- PROBLEM DESCRIPTION
From the line containing "Arceus dpp-DP50 Promo" through the last line of the data, both ends included, write out every line exactly; omit the pictures.

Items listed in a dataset
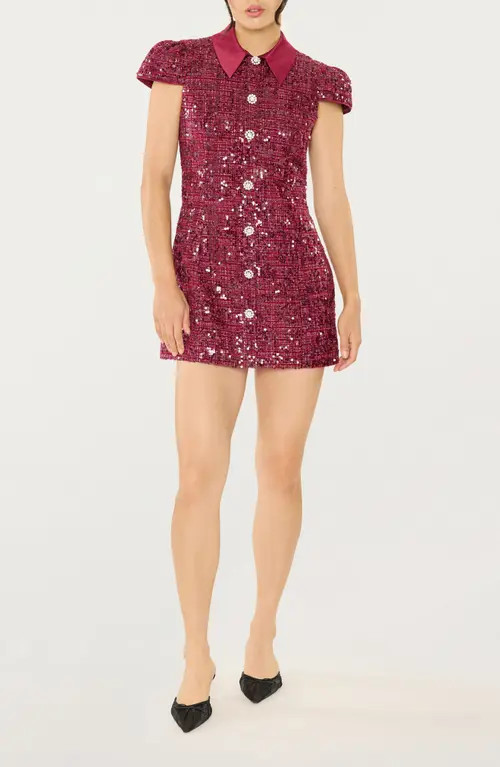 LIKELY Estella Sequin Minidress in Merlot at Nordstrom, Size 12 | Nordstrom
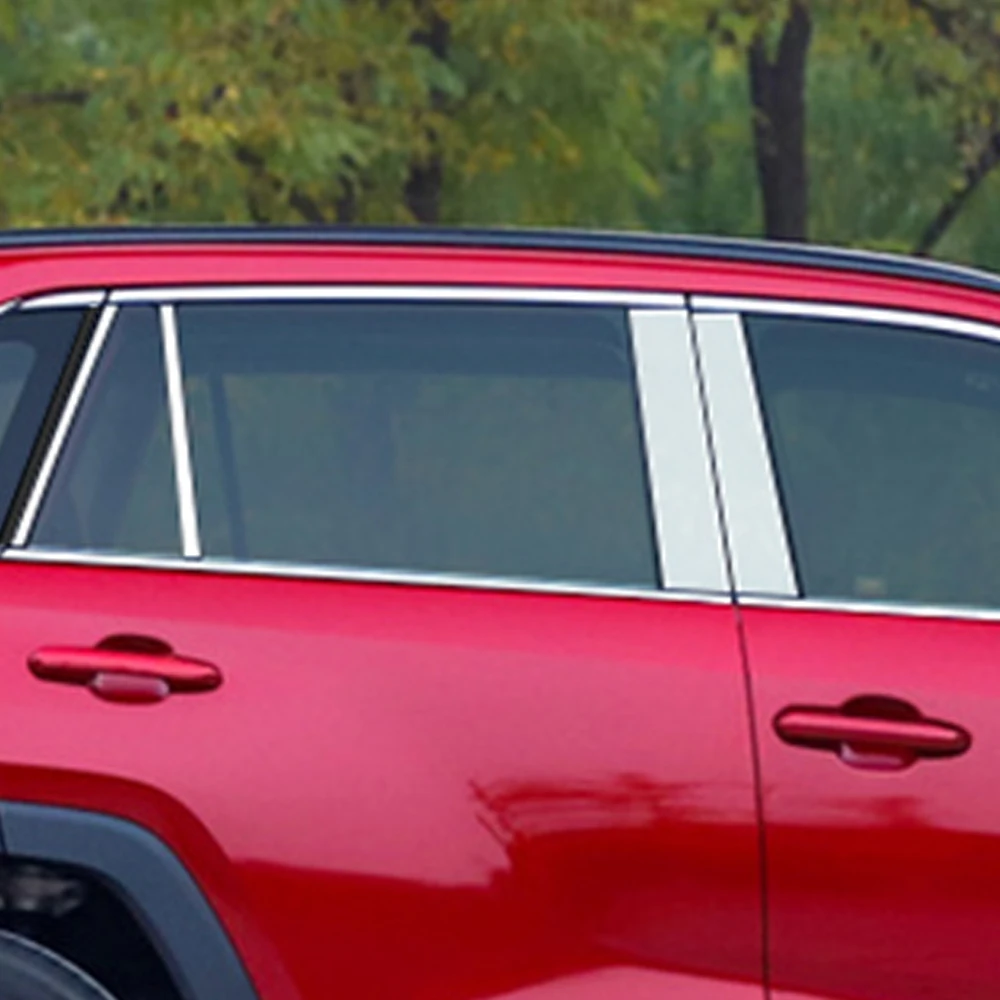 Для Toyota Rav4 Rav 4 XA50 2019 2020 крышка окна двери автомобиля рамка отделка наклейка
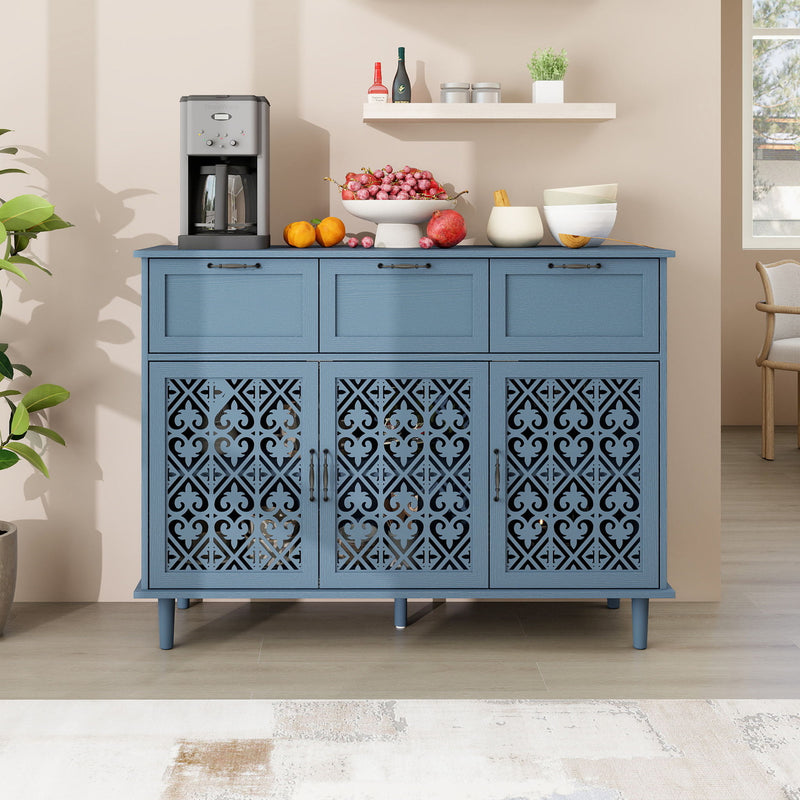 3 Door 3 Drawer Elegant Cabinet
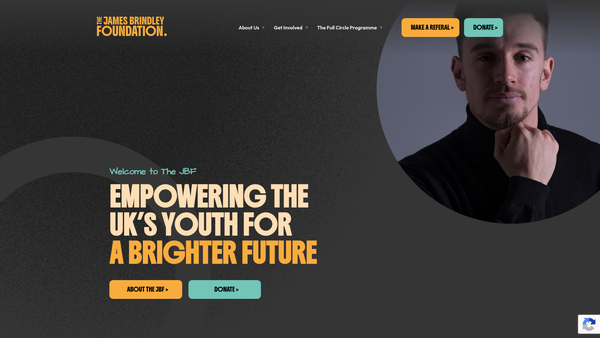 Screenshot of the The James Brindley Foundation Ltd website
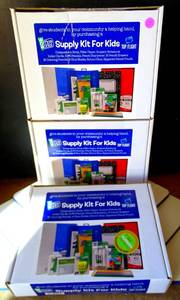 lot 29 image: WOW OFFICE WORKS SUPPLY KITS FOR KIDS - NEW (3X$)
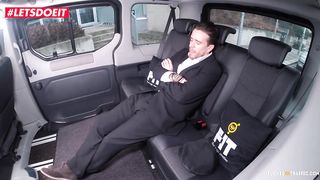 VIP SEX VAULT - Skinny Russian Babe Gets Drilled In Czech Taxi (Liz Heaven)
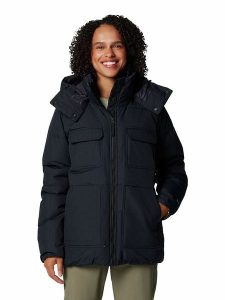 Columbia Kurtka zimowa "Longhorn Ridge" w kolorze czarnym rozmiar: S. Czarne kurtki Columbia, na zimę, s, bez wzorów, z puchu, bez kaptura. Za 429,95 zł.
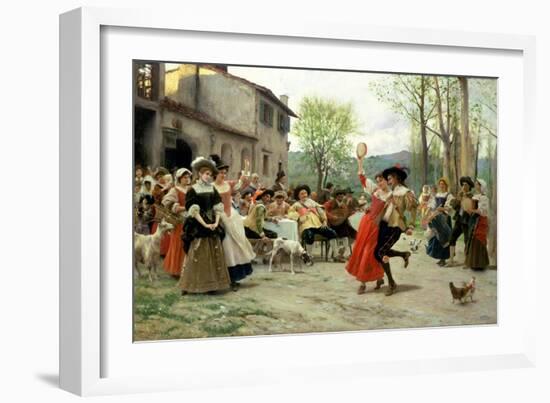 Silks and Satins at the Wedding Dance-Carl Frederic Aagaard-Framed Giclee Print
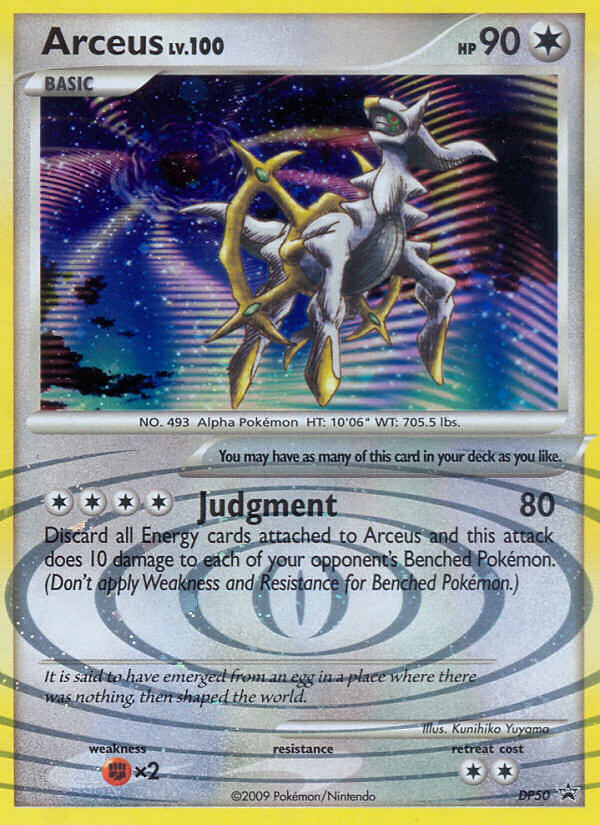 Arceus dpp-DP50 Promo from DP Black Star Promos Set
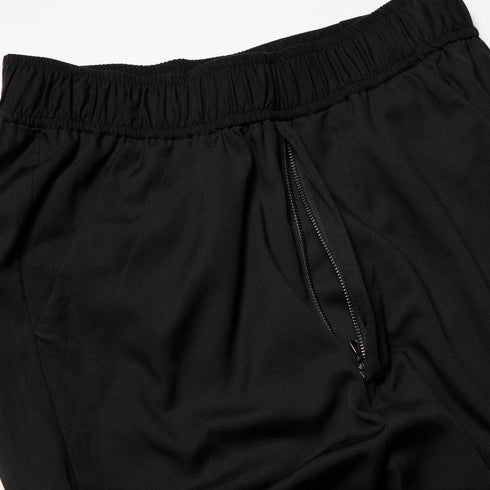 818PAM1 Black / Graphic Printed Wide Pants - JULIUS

- RESPONSE AREA
 Arceus dpp-DP50 Promo from DP Black Star Promos Set
 818PAM1 Black / Graphic Printed Wide Pants - JULIUS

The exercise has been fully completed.